There are clouds in the Book of Rites and Universities: Those who want to unite their homes must first cultivate their bodies; those who want to cultivate their bodies must first straighten out their hearts.

If you want to run a good family, you must first do a good job in your own cultivation; if you want to do a good job in your own cultivation, you must first correct your own thinking.

Parents are the navigators of the family and have great responsibilities. Especially in families with many children, the ability of parents to join the family is very important.

However, some parents do not know how to cultivate their families and manage the family only on the basis of personal preferences, worldly concepts and profits and losses.

They cannot be impartial and treat their children differently, which eventually leads to their filial piety, brothers and sisters turning against each other, and the family to decay.

"Divided into 4 suites, 4 sisters and brothers everyone has a share" After listening to my parents' arrangement, I have not returned to my mother's house for 3 years

There is a saying on the Internet that says:

The root cause of the disputes of families with many children is not the love of brothers and sisters, but the injustice of parents.

Indeed, the relationship between brothers and sisters is largely determined by parents.

Parents are the bonds of brothers and sisters. If they are well-thoughted, well-cultivated, and have strong qi family ability, they will be able to unite their brothers and sisters together, be intimate and harmonious, and not have a grudge against each other.

In fact, not only the relationship between brothers and sisters is determined by parents, but even the relationship between parents and children is determined by parents.

The ancients said: The Father is the Son, the Father is not merciful, and the Son runs away.
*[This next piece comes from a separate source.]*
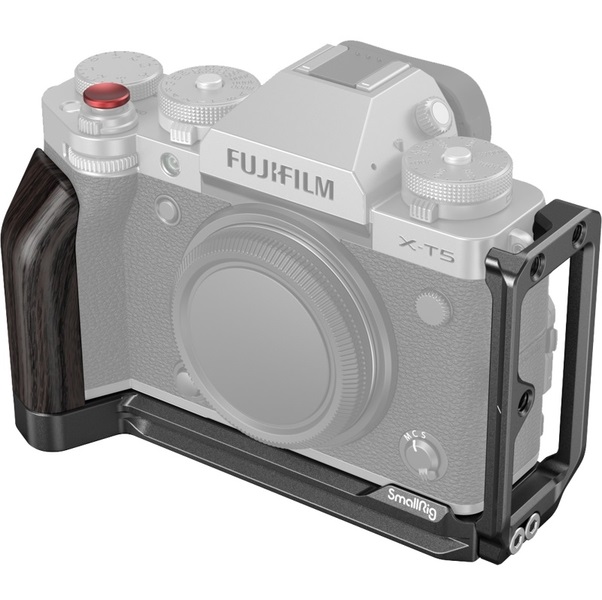 FUJIFILM X-T5 - SmallRig 4137 L-bracket, uchwyt z płytką L-bracket, zdjęcia w pionie i poziomie, do aparatu FUJIFILM X-T5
The blood relationship between parents and children is innate, but the feelings are nurtured. If the father is not merciful, the son is not filial, and if the parents do not know to be kind to their children, the children do not know filial piety to their parents.

Therefore, as parents, we must overcome emotional selfishness, first correct ourselves and then correct others, first cultivate ourselves and then qi family.

"Divided into 4 suites, 4 sisters and brothers everyone has a share" After listening to my parents' arrangement, I have not returned to my mother's house for 3 years

01. Wholeheartedly for the original family

Wen Ya (pseudonym) has not returned to her mother's house for 3 years.

There are many reasons why she did not return to her mother's house, but the most important thing is that her parents' original arrangement did hurt her.

His parents were ordinary small-town residents, had little culture, and had been growing vegetables for a long time. Wen Ya is the eldest daughter in the family, and has a younger sister and two younger brothers.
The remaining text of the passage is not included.